Human beings have a natural aversion to leave their habitats of long duration and take a leap into the unknown, even in the face of danger and terror. If the regime really wants to persuade civilian Tamils to brave the wrath of the Tiger, a strong incentive must be provided. The best method would have been to set up a series of camps in safe and proximate locations under the auspices of the UN. Once these camps are provided with basic minimum facilities, the people in Tiger controlled areas could have been asked to leave, with a ready made incentive as encouragement. In such a context the people would know they would be relatively safe and cared for and that could have given them the necessary psychological strength to defy Tiger orders. True the Tigers would have misused some of these facilities, infiltrating them posing as refugees. But that is a risk that comes with the context, and therefore unavoidable. And it preferable to forcing all refugees into internment camps, just to weed out a few Tigers.

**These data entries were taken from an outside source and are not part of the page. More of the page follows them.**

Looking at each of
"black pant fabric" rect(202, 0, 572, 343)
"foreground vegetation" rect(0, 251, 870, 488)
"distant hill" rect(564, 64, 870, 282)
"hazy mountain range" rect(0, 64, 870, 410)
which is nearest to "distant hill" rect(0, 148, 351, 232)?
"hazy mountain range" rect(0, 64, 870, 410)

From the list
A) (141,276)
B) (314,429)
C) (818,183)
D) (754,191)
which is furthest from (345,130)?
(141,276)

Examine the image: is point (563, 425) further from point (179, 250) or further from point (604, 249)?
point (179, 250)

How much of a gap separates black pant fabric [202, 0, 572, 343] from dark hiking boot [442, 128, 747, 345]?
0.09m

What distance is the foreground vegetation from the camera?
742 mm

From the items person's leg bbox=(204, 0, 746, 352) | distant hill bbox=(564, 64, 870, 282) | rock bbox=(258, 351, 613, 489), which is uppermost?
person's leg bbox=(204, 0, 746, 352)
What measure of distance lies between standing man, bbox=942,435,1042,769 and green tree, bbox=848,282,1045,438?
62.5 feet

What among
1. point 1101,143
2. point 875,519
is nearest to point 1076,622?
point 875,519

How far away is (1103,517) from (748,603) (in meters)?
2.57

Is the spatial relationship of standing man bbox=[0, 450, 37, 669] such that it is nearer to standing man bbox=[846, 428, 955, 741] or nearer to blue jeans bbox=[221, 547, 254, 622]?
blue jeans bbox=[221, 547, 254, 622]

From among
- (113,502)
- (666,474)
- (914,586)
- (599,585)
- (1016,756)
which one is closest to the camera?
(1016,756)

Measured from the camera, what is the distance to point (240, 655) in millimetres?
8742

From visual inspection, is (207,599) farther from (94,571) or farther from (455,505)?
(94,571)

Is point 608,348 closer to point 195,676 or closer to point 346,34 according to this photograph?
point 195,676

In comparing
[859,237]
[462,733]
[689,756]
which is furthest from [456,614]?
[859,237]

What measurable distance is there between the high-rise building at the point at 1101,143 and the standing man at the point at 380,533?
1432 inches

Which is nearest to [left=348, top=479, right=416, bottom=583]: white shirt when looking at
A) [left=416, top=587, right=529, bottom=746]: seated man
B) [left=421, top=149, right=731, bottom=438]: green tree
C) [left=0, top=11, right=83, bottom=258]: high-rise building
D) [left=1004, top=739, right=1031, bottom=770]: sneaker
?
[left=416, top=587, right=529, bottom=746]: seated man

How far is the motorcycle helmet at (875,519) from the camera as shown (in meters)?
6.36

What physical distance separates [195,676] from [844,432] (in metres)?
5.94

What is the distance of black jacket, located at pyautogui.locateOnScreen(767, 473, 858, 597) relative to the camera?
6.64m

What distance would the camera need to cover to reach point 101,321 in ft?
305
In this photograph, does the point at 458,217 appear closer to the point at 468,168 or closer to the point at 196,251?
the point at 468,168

Instead of such humanitarian treatment all the Tamils got was an ultimatum, which landed on them in the form of a leaflet by the regime. It told them to get out or face the consequences – hardly the way to win hearts and minds. According to media reports civilians are fleeing deeper into Tiger controlled territory instead of fleeing out of it. The government has mishandled the entire issue. Heavy civilian casualties can well be the result of this bungling.

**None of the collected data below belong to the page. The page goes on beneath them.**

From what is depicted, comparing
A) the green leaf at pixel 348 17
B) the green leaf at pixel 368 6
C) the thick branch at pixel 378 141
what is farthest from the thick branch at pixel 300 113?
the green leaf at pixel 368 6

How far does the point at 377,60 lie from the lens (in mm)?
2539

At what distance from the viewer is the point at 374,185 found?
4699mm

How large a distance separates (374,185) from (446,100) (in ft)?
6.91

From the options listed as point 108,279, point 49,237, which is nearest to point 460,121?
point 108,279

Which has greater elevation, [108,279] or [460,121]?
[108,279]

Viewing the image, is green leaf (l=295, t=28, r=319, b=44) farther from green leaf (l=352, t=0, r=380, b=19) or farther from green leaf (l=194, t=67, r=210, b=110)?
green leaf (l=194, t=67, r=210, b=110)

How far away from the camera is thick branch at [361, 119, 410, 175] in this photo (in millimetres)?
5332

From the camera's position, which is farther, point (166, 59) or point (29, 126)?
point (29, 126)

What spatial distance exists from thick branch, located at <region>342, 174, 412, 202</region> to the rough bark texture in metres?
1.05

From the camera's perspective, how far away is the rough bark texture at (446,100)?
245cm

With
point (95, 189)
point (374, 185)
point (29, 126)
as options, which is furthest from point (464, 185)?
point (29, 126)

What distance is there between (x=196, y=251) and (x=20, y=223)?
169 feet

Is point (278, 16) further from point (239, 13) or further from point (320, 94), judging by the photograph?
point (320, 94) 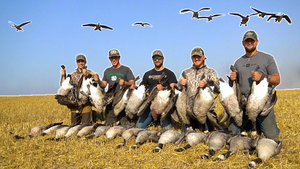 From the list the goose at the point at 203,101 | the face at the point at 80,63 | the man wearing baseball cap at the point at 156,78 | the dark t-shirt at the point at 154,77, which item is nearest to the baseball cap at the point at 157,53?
the man wearing baseball cap at the point at 156,78

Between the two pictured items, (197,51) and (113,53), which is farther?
(113,53)

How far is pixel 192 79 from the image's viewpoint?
5.50 m

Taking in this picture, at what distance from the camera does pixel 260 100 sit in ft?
15.4

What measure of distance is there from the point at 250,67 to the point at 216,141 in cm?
199

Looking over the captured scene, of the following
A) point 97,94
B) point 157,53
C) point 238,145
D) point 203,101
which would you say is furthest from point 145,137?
point 157,53

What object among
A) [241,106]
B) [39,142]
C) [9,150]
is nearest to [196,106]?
[241,106]

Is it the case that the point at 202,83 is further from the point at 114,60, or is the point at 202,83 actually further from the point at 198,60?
the point at 114,60

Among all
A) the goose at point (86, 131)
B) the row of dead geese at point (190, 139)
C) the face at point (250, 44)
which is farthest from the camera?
the goose at point (86, 131)

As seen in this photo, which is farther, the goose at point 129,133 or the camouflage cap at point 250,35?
the goose at point 129,133

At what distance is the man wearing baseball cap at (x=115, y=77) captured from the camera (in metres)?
6.94

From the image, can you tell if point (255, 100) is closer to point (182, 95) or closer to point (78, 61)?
point (182, 95)

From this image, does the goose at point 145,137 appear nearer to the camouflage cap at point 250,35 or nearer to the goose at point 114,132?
the goose at point 114,132

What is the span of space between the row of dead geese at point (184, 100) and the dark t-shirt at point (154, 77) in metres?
0.22

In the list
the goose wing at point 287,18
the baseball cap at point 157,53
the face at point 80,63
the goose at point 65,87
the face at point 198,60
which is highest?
the goose wing at point 287,18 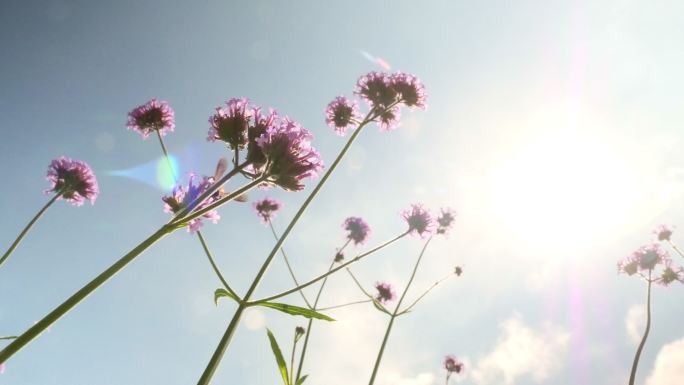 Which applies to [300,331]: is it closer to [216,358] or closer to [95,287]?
[216,358]

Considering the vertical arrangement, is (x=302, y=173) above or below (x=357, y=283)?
below

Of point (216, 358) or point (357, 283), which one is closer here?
point (216, 358)

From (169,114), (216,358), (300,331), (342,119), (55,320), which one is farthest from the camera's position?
(300,331)

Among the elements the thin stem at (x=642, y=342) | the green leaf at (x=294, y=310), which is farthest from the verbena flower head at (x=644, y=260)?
the green leaf at (x=294, y=310)

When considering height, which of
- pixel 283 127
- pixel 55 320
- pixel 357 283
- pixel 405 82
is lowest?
pixel 55 320

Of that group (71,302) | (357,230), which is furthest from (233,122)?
(357,230)

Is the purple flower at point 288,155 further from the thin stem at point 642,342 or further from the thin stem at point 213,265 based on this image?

The war is not taking place in a political vacuum. The world and India will be watching. The spokesman for the Indian Defence Ministry has laid the parameters within which the war will have to be fought if Colombo wants to keep Delhi neutral: "We have already expressed our concern to the Lankan authorities. While taking action against the LTTE, steps should also be taken to protect the civilian Tamils in Sri Lanka and ensure their safety and security". It is a fair enough position and one that should have been embraced by Sri Lanka of its own volition. After all, if we believe in an undivided Sri Lanka, the civilians holed up in Tiger controlled areas are our citizens and it is the duty of the Lankan state and government to protect them. If the state and regime fail in that task, if they do not take that task seriously enough, that will justify not the cause of Lankan unity but the division of Sri Lanka into a Sinhala country and a Tamil country.